Freitag, 6. Mai 2022

Das Neue Testament gegen das Neue Testament

In Diskussionen mit „liberalen“ Theologen und theologisch (halb)gebildeten Gläubigen kommt irgendwann der Punkt, an dem von diesen einzelne neutestamentliche Schriften/Autoren gegen andere neutestamentlische Schriften/Autoren in Stellung gebracht werden.

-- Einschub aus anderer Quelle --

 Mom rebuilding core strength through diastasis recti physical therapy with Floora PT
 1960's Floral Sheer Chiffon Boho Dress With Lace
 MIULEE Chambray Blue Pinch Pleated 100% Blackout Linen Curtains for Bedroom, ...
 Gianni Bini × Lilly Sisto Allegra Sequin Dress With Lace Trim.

Beispiel Priestertum: Bei Paulus (und in der Apostelgeschichte) finden wir reichhaltige Zeugnisse über die Organisation der ersten christenlichen Gemeinden, aus denen klar hervorgeht, dass es hierarchisch (d.h. von den Aposteln ausgehend) übertragene autoritative Ämter der Leitung und der Lehre gab (siehe meinen längeren Beitrag dazu HIER). In Erwiderung darauf ist dann etwa zu hören: „Ja, aber das ist ja Paulus. Jesus hat das nicht so angerodnet/gewollt. Das widerspricht der Botschaft Jesu, für den ‚alle gleich‘ waren.“ Insbesondere Paulus ist in solchen Diskussionen regelmäßig der große Verfälscher der wahren Botschaft Jesu.

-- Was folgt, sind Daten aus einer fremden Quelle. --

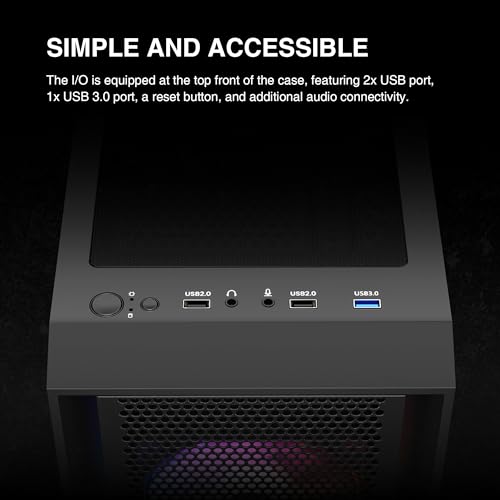 GAMDIAS ATX Mid Tower Computer PC Case with Tempered Glass  4X 120mm ARGB PWM Fans Gaming Case  Support Up to 6X 120mm Fans  360mm AIO/Radiator  260mm GPU/VGA  160mm CPU Air Cooler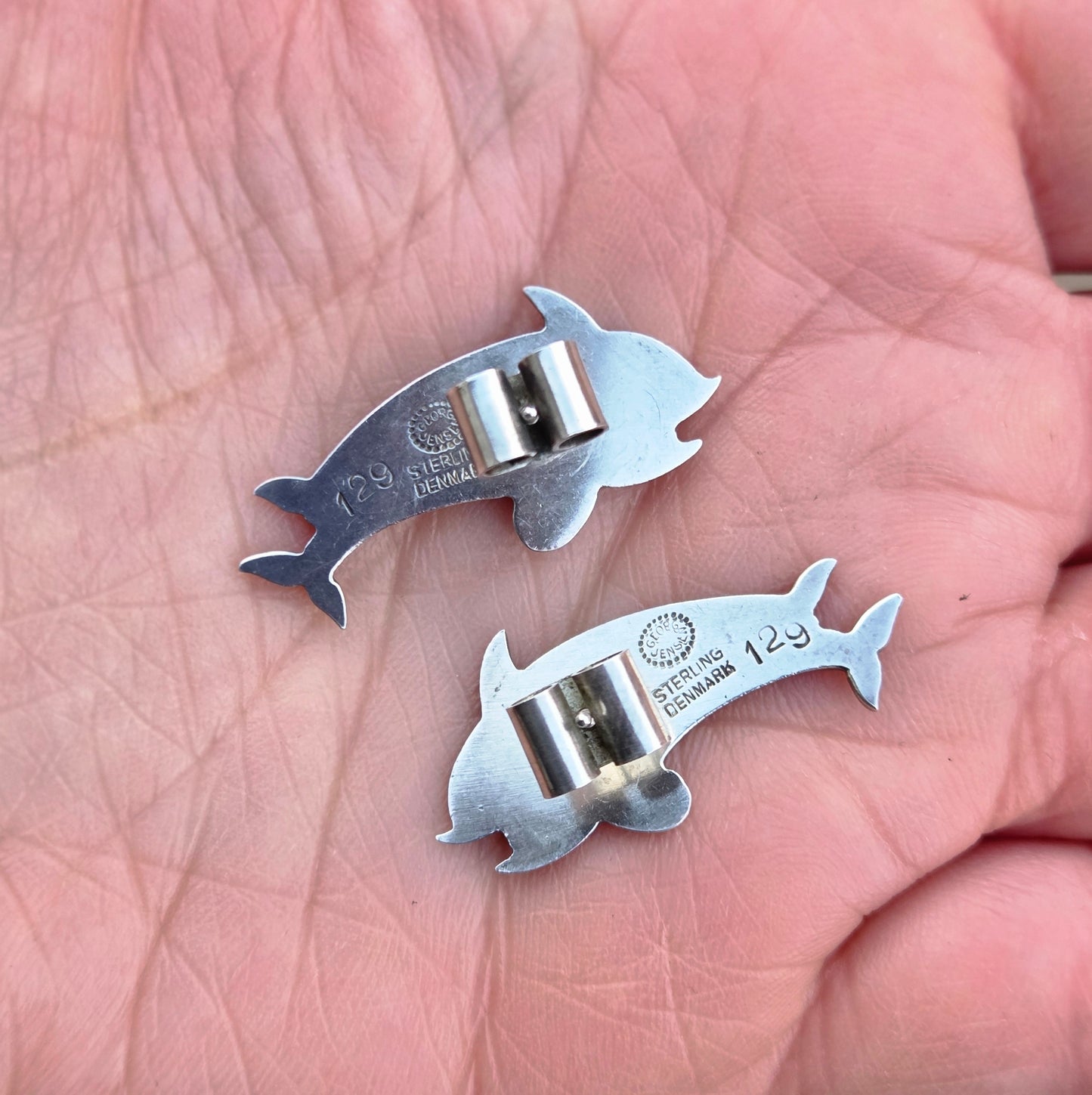 Vintage Mid Century Georg Jensen Denmark Solid Sterling Silver Dolphin Stud Earrings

Wenn wir einmal jene Kleinigkeit beiseite lassen, dass auch mindestens ein Evangelist uns von solchen Ämtern berichtet, nämlich der Autor der Apostelgeschichte, aus dessen Feder auch das dritte Evangelium stammt, dann offenbart so eine Haltung doch etwas Grundfalsches: Hier wird offenkundig nach eigenem Gutdünken ausgewählt, welche Schriften des Wortes Gottes authentisch sind, und welche angeblich bereits Jesu „wahre Intention“ verfälschen. Stichwort: Frühkatholizismus. Solches Auswählen nennt man im Griechischen αἱρέομαι – haireomai: ich wähle aus. Davon kommt unser modernes Wort „Häresie“, und es ist schon seit den ersten christlichen Jahrhunderten ein guter Indikator häretischer Gruppen, dass sie Teile der Heiligen Schrift ablehnen (z.B. Markionismus).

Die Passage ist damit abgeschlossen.